Removing techbarriers in Uganda

Nieuws | de redactie
10 maart 2015 | Abdul Busuulwa was born blind in Uganda and lost his mother when he was four. Now, he earns his doctoral degree at the UTwente for studying the accessiblity of mobiles phones and computer for the blind and partially sighted. “My PhD path was an exceedingly challening period, but I made it.”

Busuulwa, raised by his grandmother and, later, assisted by his eldest brother, threw himself into his studies with support from the Ugandan government. Now he is celebrating his promotion at the University of Twente, a rare perforrmance for a blind man. “I am probably one of the first two blind Ugandans to obtain a doctorate.”

A wonderful experience

Abdul Busuulwa hopes his PhD will help him open doors for many blind Ugandans and that the use of IT will further their work, studies and careers. Busuulwa received a scholarship that enabled him to live in the Netherlands for three years and carry out his research in coöperation with supervisor Jon Lovett. “Supervising Adbul was a wonderful experience,” Lovett says. “I have learned a great deal about the barriers blind people in developing countries face.”

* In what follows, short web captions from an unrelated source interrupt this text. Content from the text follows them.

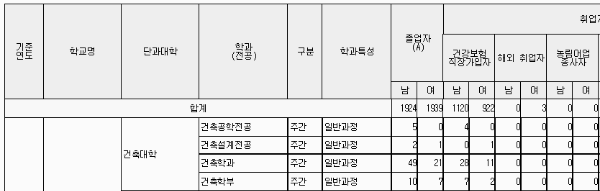 건국대 취업률: 학과별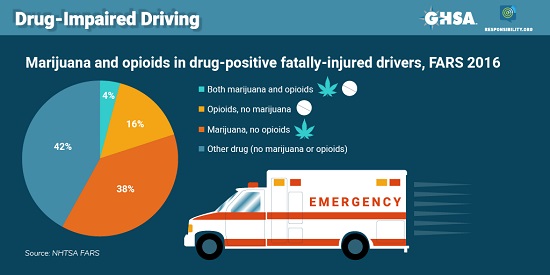 Marijuana and Opioid Presence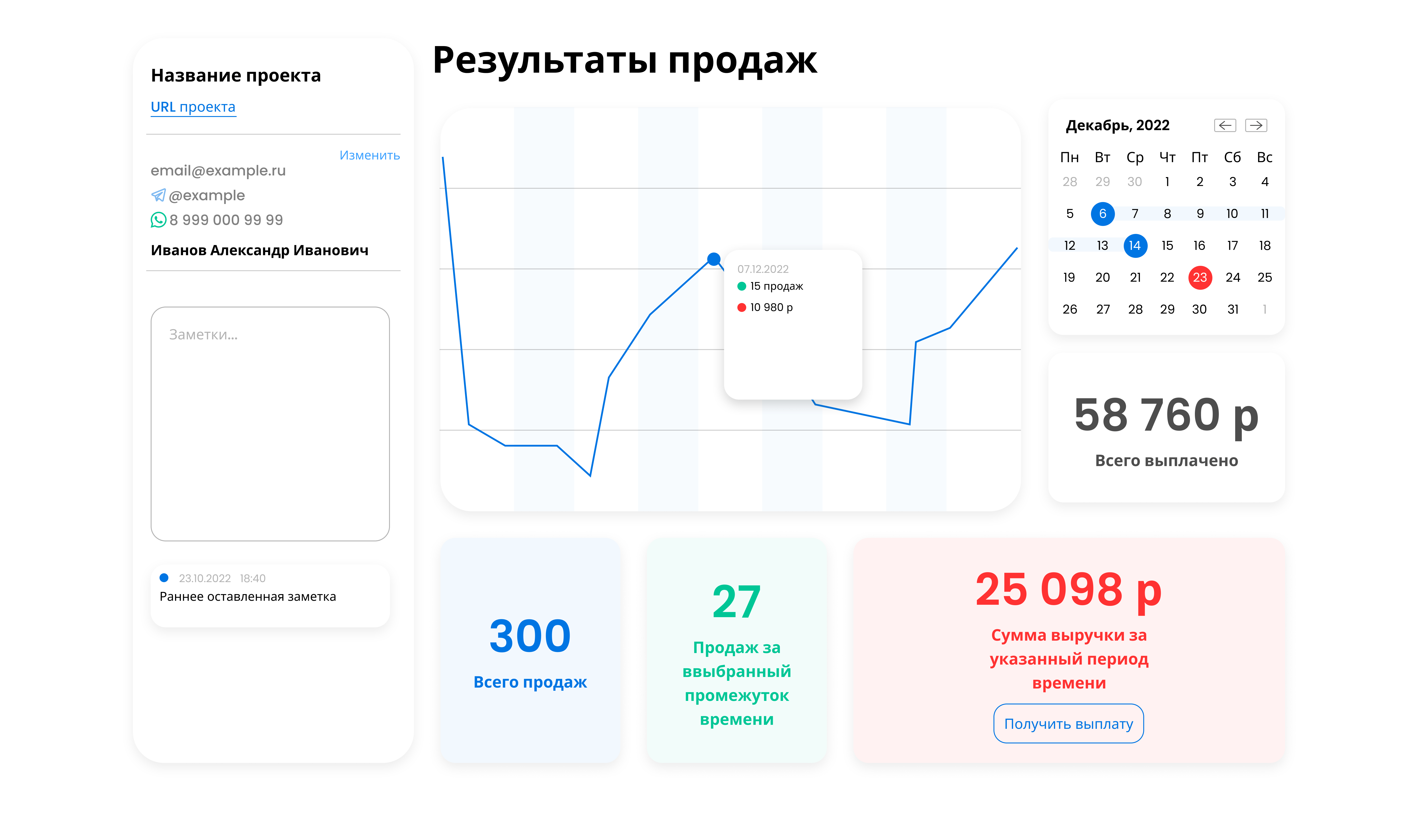 Сервис проверки автомобилей по VIN / ГОС номеру – кейс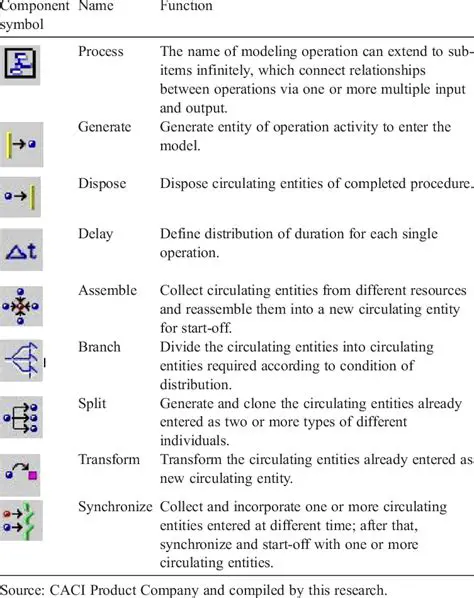 Key Features of SIMPROCESS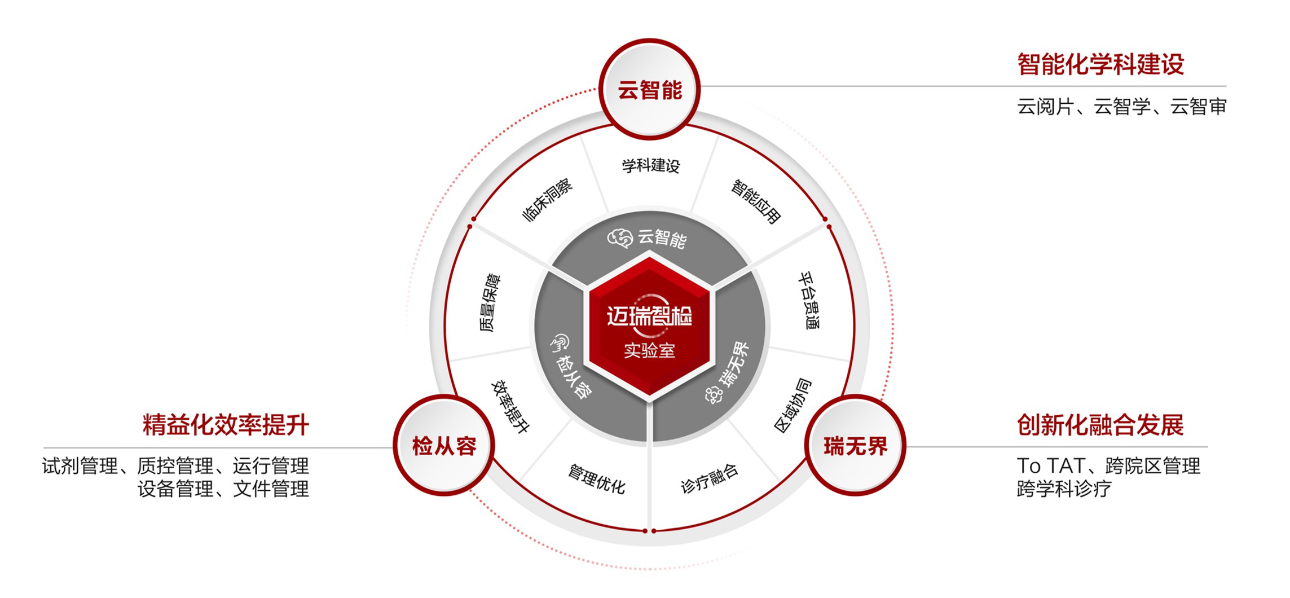 LETOU国际米兰·(中国区)官方网站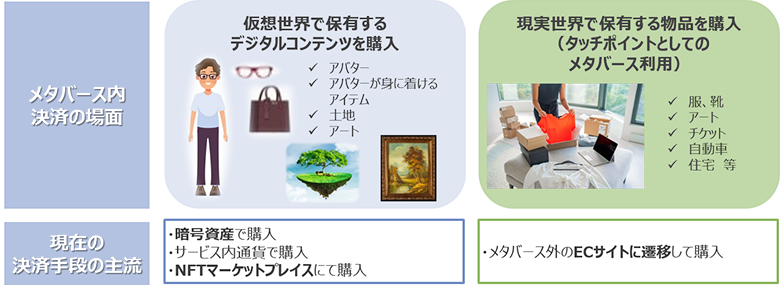 図：メタバースにおける現在の主な決済手段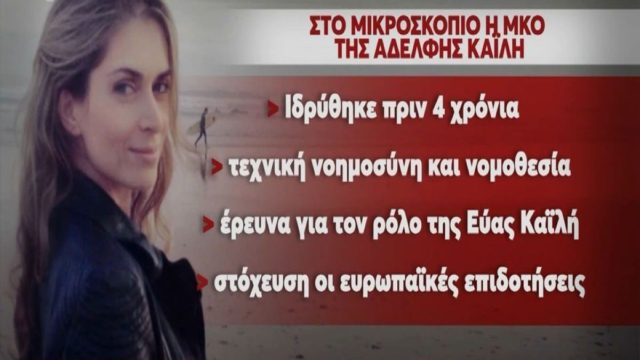 Μανταλένα Καϊλή: «Δεν έχω πάρει ούτε ευρώ από την ΕΕ» – Ομολόγησε η Εύα! (Video)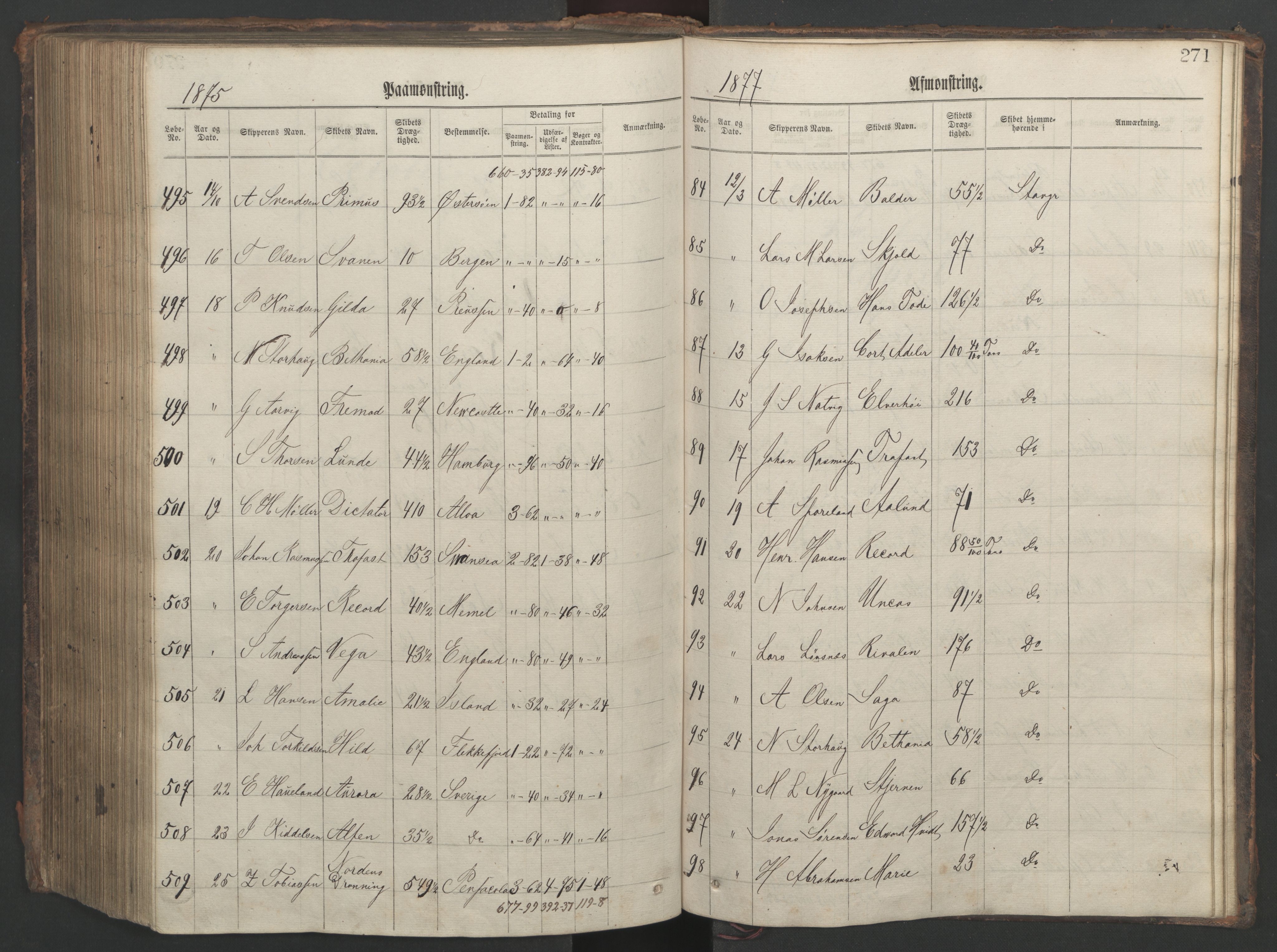 Stavanger sjømannskontor, AV/SAST-A-102006/G/Ga/L0002: Mønstringsjournal, 1870-1876, p. 275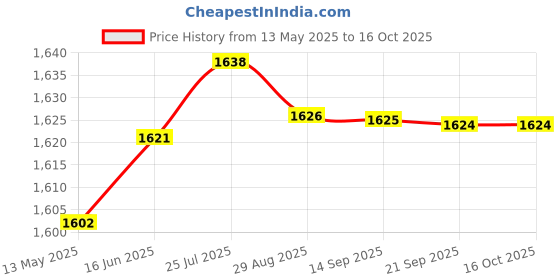 amazon.in aks Australia Cricket Studs Rubber White/Blue Size 5 With Wrist Band Cotton 5" Red aks Price History Graph from 13 May 2025 to 16 Oct 2025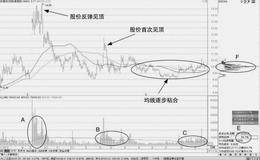 移动平均线的均线粘合形态分析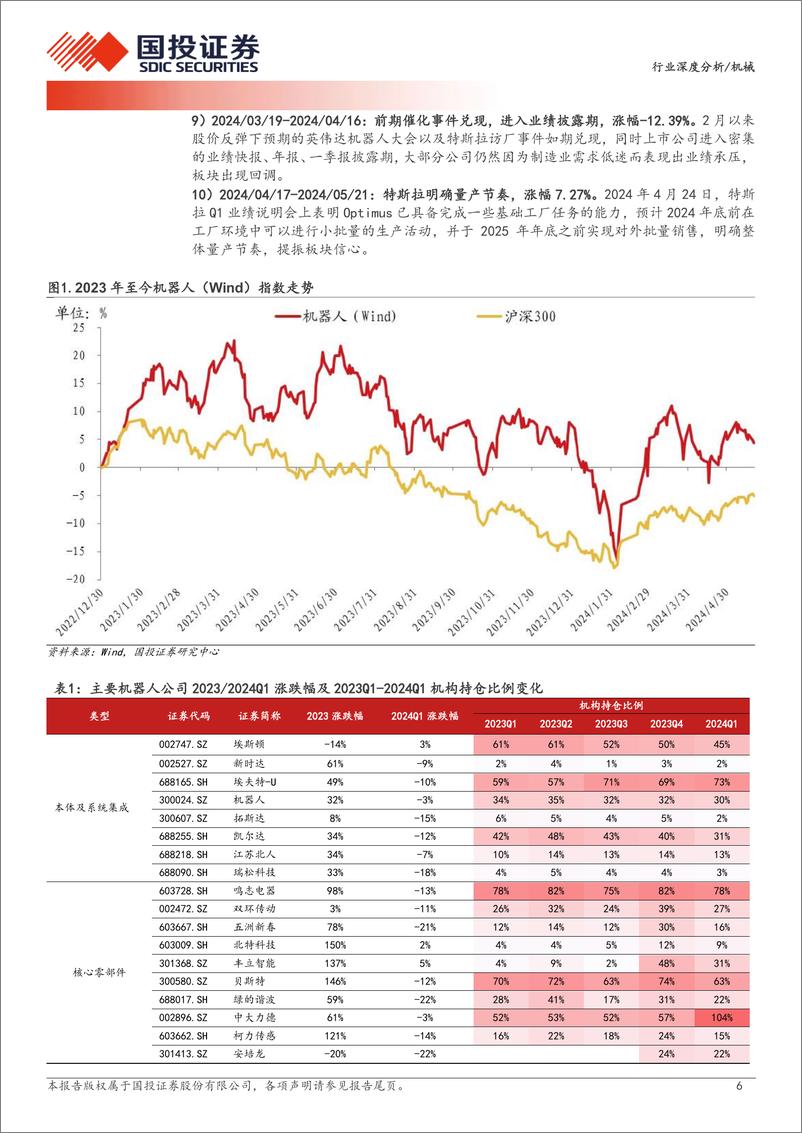 《机械行业深度分析：需求有望触底回升，关注人形bot进展-240523-国投证券-24页》 - 第6页预览图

Mobile telephones, the internet and computers all need supporting technology to enable blind people to use them. Screen readers that convert written tekst into speech, or braille reading lines for completely blind people. Busuulwa found that currently, many websites are difficult to use because of bad design.

Social justice in Uganda

In Uganda, few people make use of this supporting technology as they can’t afford it or are unaware of its existence. “My research focuses on finding out why people in Uganda do not work with supporting technology and what I can do to promote its use”, Busuulwa explains. “Without this technology, blind people miss out on a great many opportunities in today’s information society.”

For Busuulwa, the aim of his research is social justice. “In a digitizing world everyone must be able to improve themselves, including the blind and partially sighted.” Busuulwa sees that email and e-learning for example have tremendous promise when supporting technology give the blind the opportunity to use them.

An active policy against digital divide

Abdul Busuulwa analysed barriers to the inclusion of visually impaired people in Uganda’s digital revolution at three levels: disability, personal and social. “Those questioned often did not know where to buy supporting technologies. Moreover, many were unaware of the cheaper alternatives. On a personal level, barriers to acquiring IT materials and digital skills explain why the visually impaired make such limited use of IT.”

At the policy level, Uganda pays insufficient attention to the digital needs of the visually impaired, Busuulwa sees. “Internet costs are too high for many of them, since they are often unemployed. Nevertheless, Uganda is pursuing an active policy against the digital divide, for example, by introducing the basic right to computer equipment (in 2004). However, this right does not apply to software licences, whereas it is the licences for supporting software that should be making IT affordable for visually impaired people.”